# Orlando prostitution sting



## simpsontruckdriver (Mar 6, 2014)

The interesting thing is they worked at the Westgate Palace in Orlando FL. I wonder if David Siegel knew prostitutes were working near it?

TS


----------



## pedro47 (Mar 6, 2014)

Did the pimps owned that timeshare villa or where they renting by the night or the month ?


----------



## mj2vacation (Mar 6, 2014)

West gate.... By the hour.


----------



## theo (Mar 7, 2014)

*Same gig, different venue...*



simpsontruckdriver said:


> The interesting thing is they worked at the Westgate Palace in Orlando FL. I wonder if David Siegel knew prostitutes were working near it?



If he *did* know, he likely would have tried to recruit them into his sales force. His pitch might be "you can still screw your customers, but the hours are better and you won't have to worry about safe sex". 
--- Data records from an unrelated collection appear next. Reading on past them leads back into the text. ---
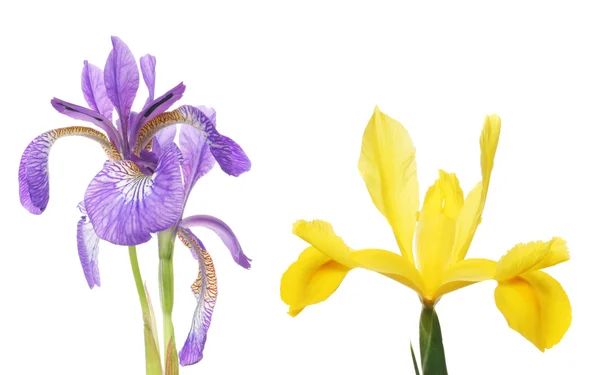 Fleurs iris bleues et jaunes — Photo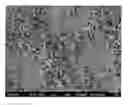 Fig. 01 - Rutile titanium dioxide nanoparticles and ordered acicular aggregates of same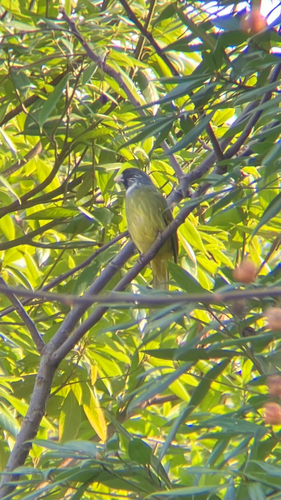 Collared Finchbill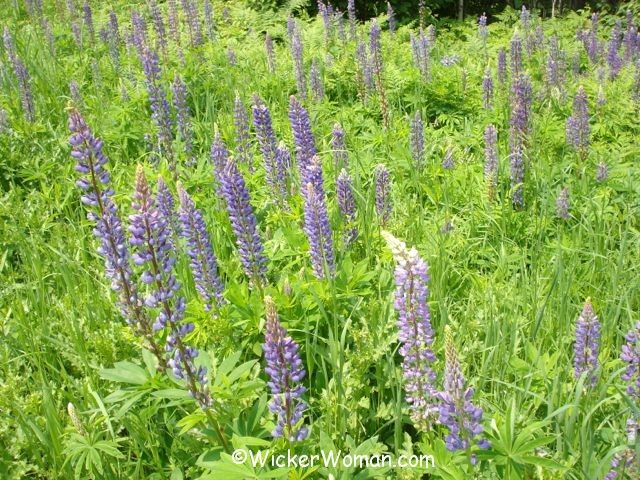 Purple lupine flowers in road ditch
Apologies in advance if this is deemed to be inappropriate --- I just couldn't resist the obvious conceptual connection.


----------



## pedro47 (Mar 7, 2014)

theo said:


> If he *did* know, he likely would have tried to recruit them into his sales force. His pitch might be "you can still screw your customers, but the hours are better and you won't have to worry about safe sex".
> 
> Apologies in advance if this is deemed to be inappropriate --- I just couldn't resist the obvious conceptual connection.



That was so funny.


----------



## Passepartout (Mar 7, 2014)

When I read the headline, I thought it was about the millions of people scr***d by a mouse. Siegal is close, though.


----------



## Dori (Mar 7, 2014)

theo said:


> If he *did* know, he likely would have tried to recruit them into his sales force. His pitch might be "you can still screw your customers, but the hours are better and you won't have to worry about safe sex".
> 
> Apologies in advance if this is deemed to be inappropriate --- I just couldn't resist the obvious conceptual connection.



:rofl::rofl::rofl:

Dori


----------